“How Do I Explain What I Do?”…ugh…do I have to Ms.?

I didn’t want to write this blog.  I tried to back out when a colleague approached me about it using time as an excuse (which is a completely legitimate excuse for any artist/teaching artist…but that’s another post).  But really, it wasn’t about the time. It was because I was afraid.  Afraid of writing it, afraid of not getting it right, afraid of talking about myself, afraid my voice wasn’t worth hearing.

Funny how those lessons you spend your days trying to get across to your students don’t seem to make it through your own thick ego—er–skull sometimes, huh?

So, here goes.

I use theatre for things other than putting on plays. 

I love theatre.  I love making theatre, I love seeing theatre, but what I love the most is when I see theatre’s inherent skills making guest appearances in other areas of people’s lives.  That is what I try to share with students; that theatre can be a useful tool for more than just thespian nerds.  I try to show students that the classroom—any place really—can be a space for play, and experimentation, and for exploration, and where mistakes are not just okay, but celebrated.  That’s not always easy.

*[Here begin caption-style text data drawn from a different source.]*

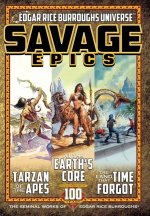 Savage Epics: The Seminal Works of Edgar Rice Burroughs
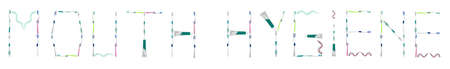 Mouth hygiene words made of toothbrushes and toothpaste
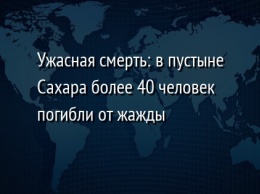 Ужасная смерть: в пустыне Сахара более 40 человек погибли от жажды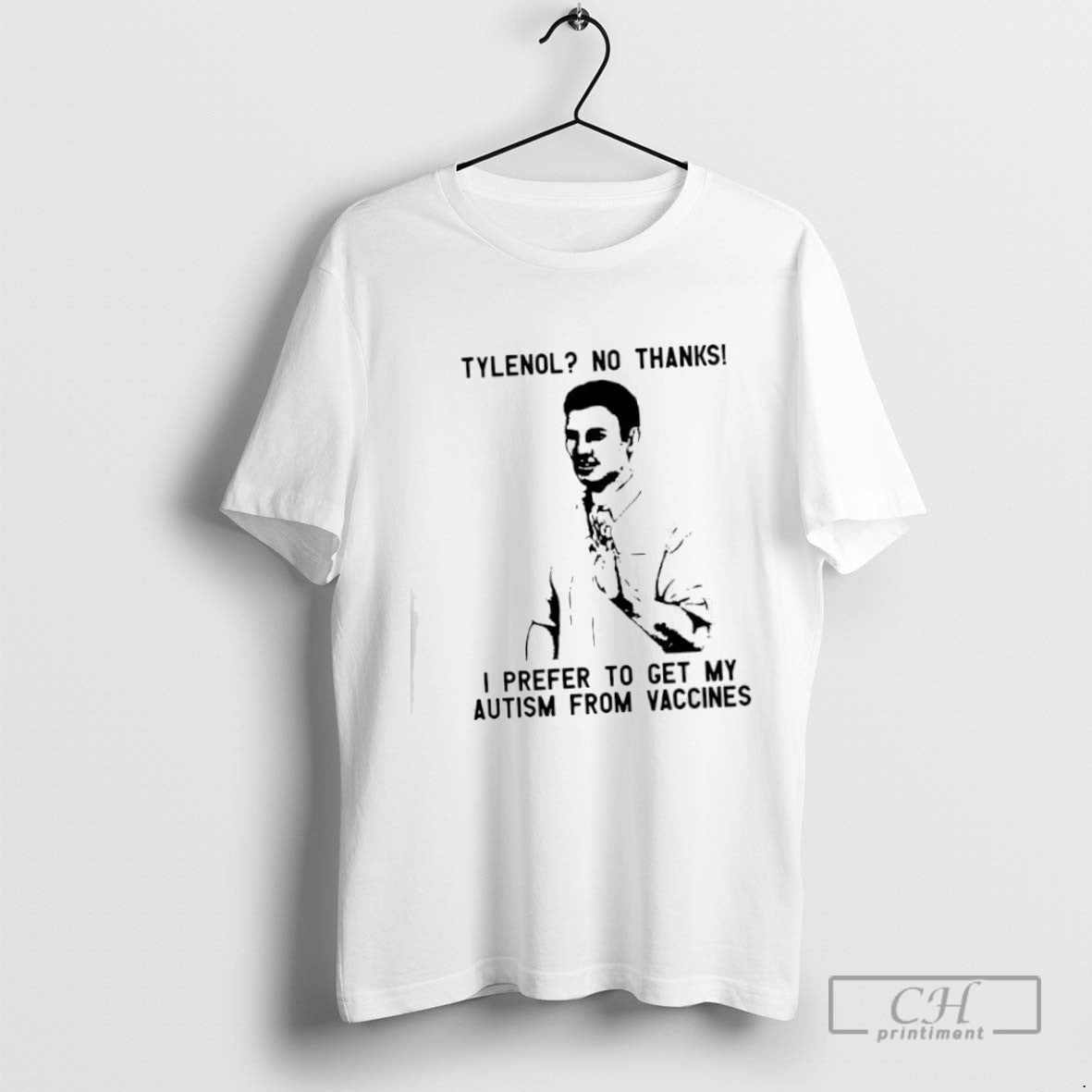 Tylenol No Thanks I Prefer To Get My Autism From Vaccnes TShirt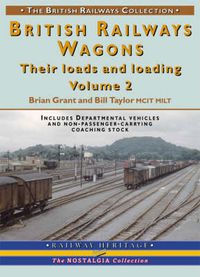 Cover image for British Railways Wagons: Their Loads and Loading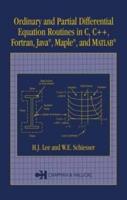 Ordinary and Partial Differential Equation Routines in C, C++ Fortran, Java, Maple, and MATLAB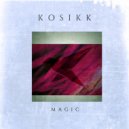 KOSIKK - Magic (Original Mix)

In the majority of the programs I work for, students are not electing to be there.  They’ve been required to participate.  Sometimes my “cooperating” classroom teachers have not elected to have me there either.  I am most often met with apprehension, confusion, anxiety, sometimes resentment.  But, there is also curiosity and excitement.  The look of astonishment when you ask them to stand up from their chairs.  The even more astonished face when you ask them to push the desks to the side of the room.  “What is this crazy lady gonna have us do?”  I try to hone in on that curiosity and excitement.

“Try” being the operative word.  This is a job of celebrating the little victories.  Maybe these aren’t the show-stopping moments other youth theatre programs strive for, but they’re the kind of theatre skill guest appearance I love.  So, when I can get an entire class to stand in a circle in actor’s neutral (no, not leaning on the wall, or sitting on the desk, or with your arms crossed) and make eye contact with each other, I celebrate.  I celebrate because just making a circle can be a difficult task.  I celebrate because we don’t give students opportunities to look their peers in the eyes.  They look at phones, at Smart Boards, at worksheets, at text books, or computer screens, but not at the people sitting next to them.  I celebrate because of what might happen when they do look at each other.  Because I can see that standing in neutral is curious and exciting for them.  The room becomes, at once, both still and alive.

Because theatre is alive.  It doesn’t sit on the page in a textbook.  Maybe that’s why it’s so hard to explain what I do.  “I try to get students to stand in a circle and look at each other” doesn’t quite get at the point.

So, Ms., could we stand up?  Can I show you what I do?  I think that will work much better.